The simplest Python cache for Data Scientist:
- cache on disk, use between runs,
- use at function call, not definition.
If you don't want to wait for a given compute()
function to complete
each time you run the script, you can cache it:
import cacha
result = compute(data) # regular usage, slow
result = cacha.cache(compute, (data, )) # usage with cache
The cached data is stored in $HOME/.cacha/
. Each time you run the
function with identical input arguments, the output data will be loaded,
instead of being computed.
It can be easily used with popular data structures like pandas.DataFrame
or
numpy.array
. In case of complicated python objects that can't be easily
hashed, you can use an additional key
parameter that forces saving the cache
based on the key
value.
import cacha
result = cacha.cache(compute, (data, ), key="compute-v3")
How is it different other caching packages?

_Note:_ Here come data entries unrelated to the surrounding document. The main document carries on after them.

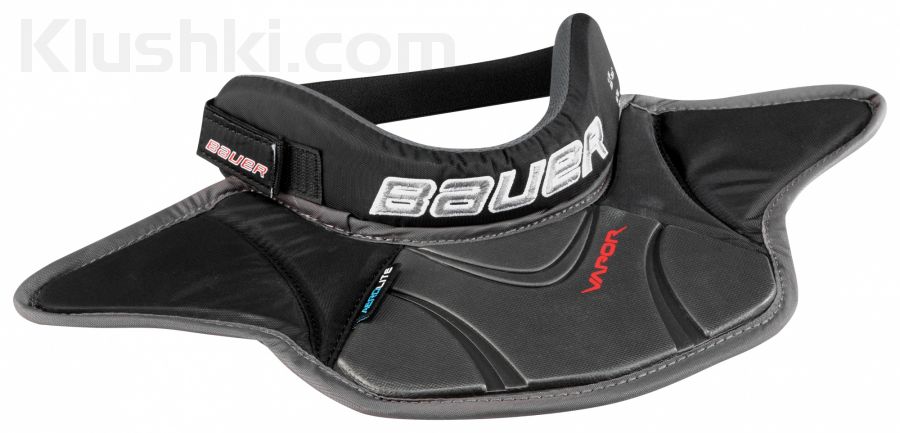 Защита шеи вратаря BAUER VAPOR CLAVICLE PROTECTOR (JR-SR)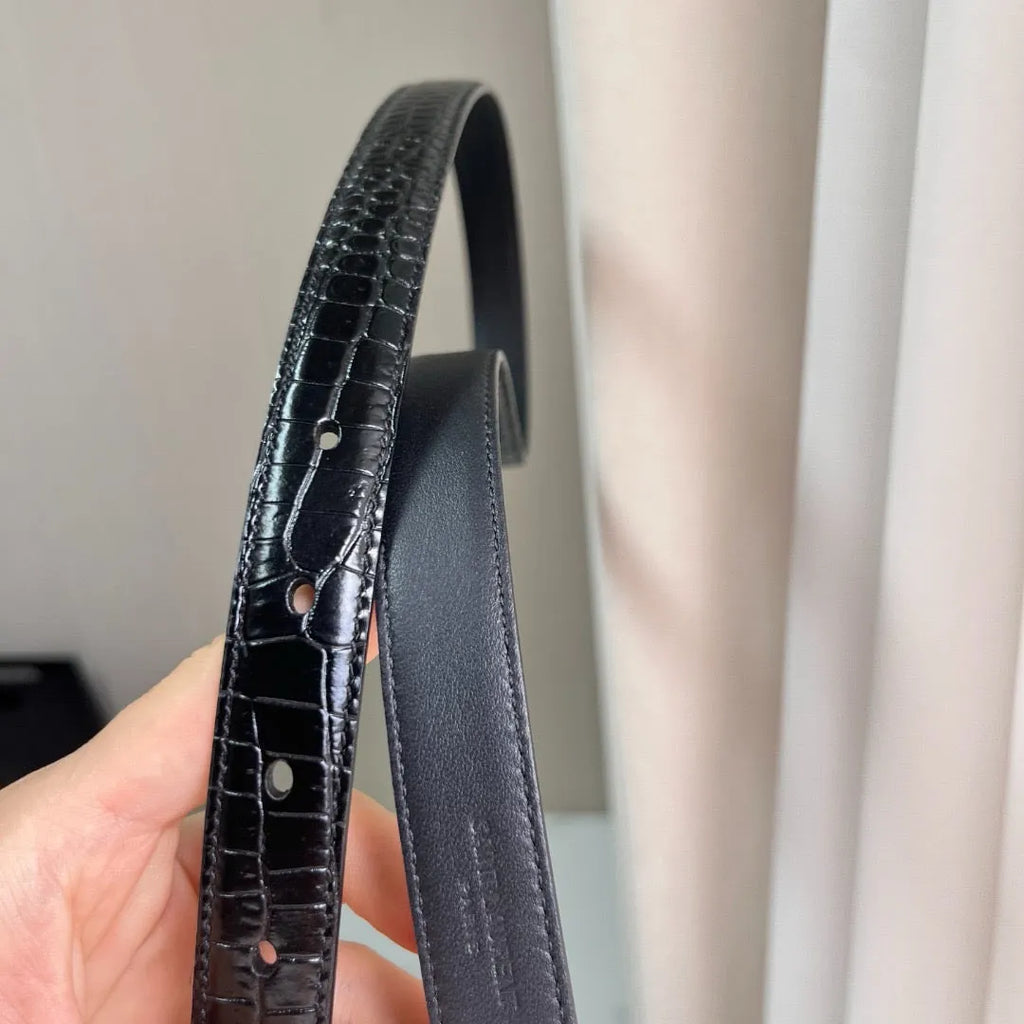 SL Women's Sl Belt 0.8 in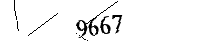 Please enter the numbers below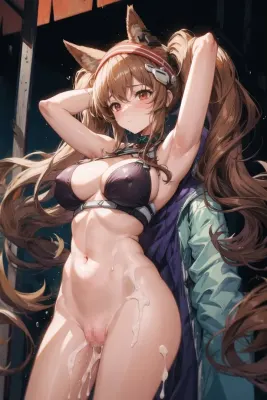アンジェリーナのエロ画像 43枚目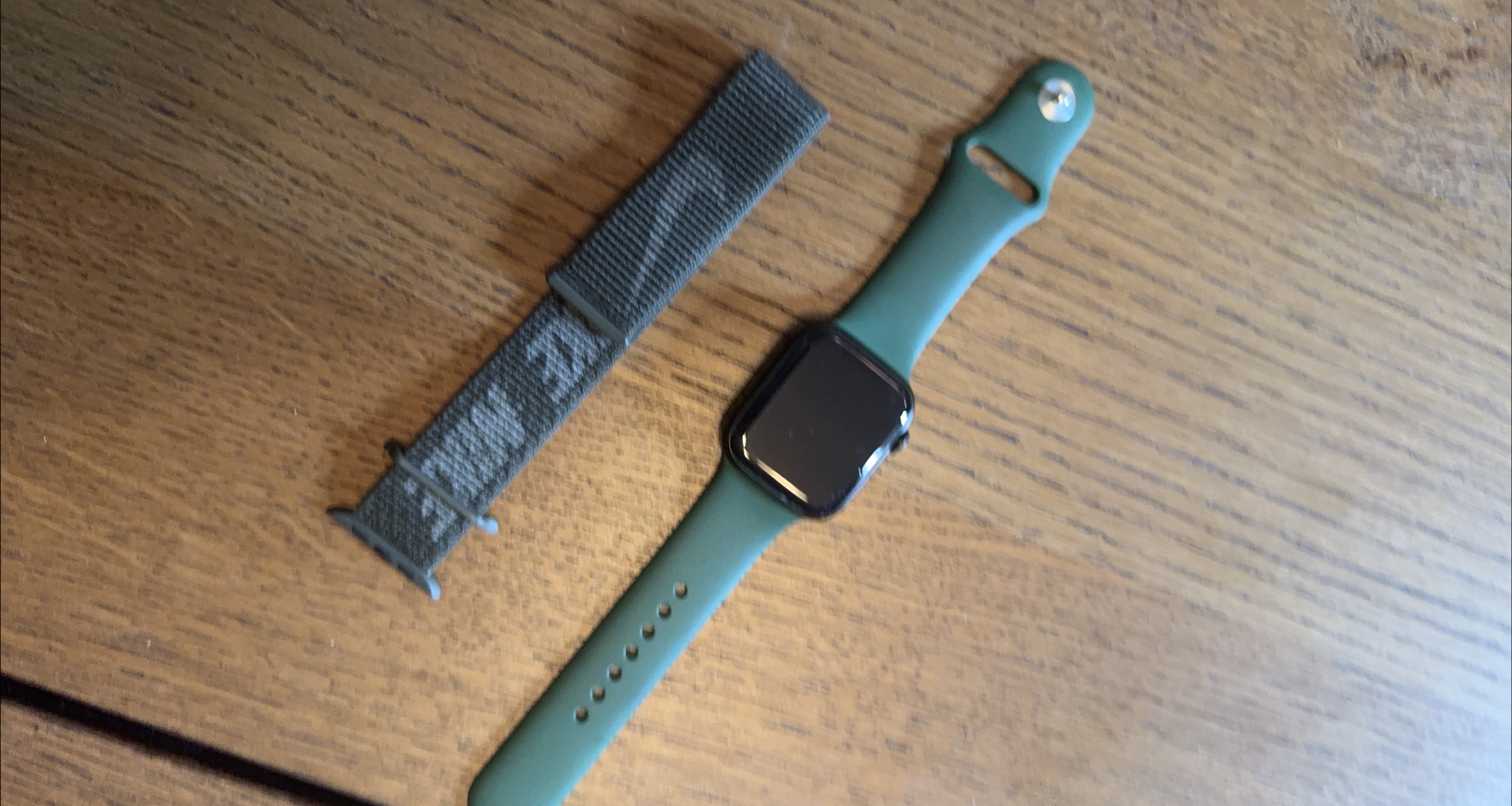 Apple Watch Series 7 Green thumbnail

In contrary to many other tools, cacha:
- is used at the function call, not definition. Many packages implement
the
@cache
decorator that has to be used before definition of a function that is not easy enough to use. - it stores the cache on disk which means you can use cache between runs. This is convenient in data science work.
How can I clear the cache?
Just delete the $HOME/.cacha/
directory. You can also call cacha.clean()
which has the same effect.
Why does it require the pandas
, numpy
and other libraries?
To properly cache the objects from specific packages, it is necessary to have access to the functions they provide in that regard.
The main goal of cache is not to be lightweight but to provide the best developer experience.
However most of the required packages are usually used in Machine Learning projects anyway.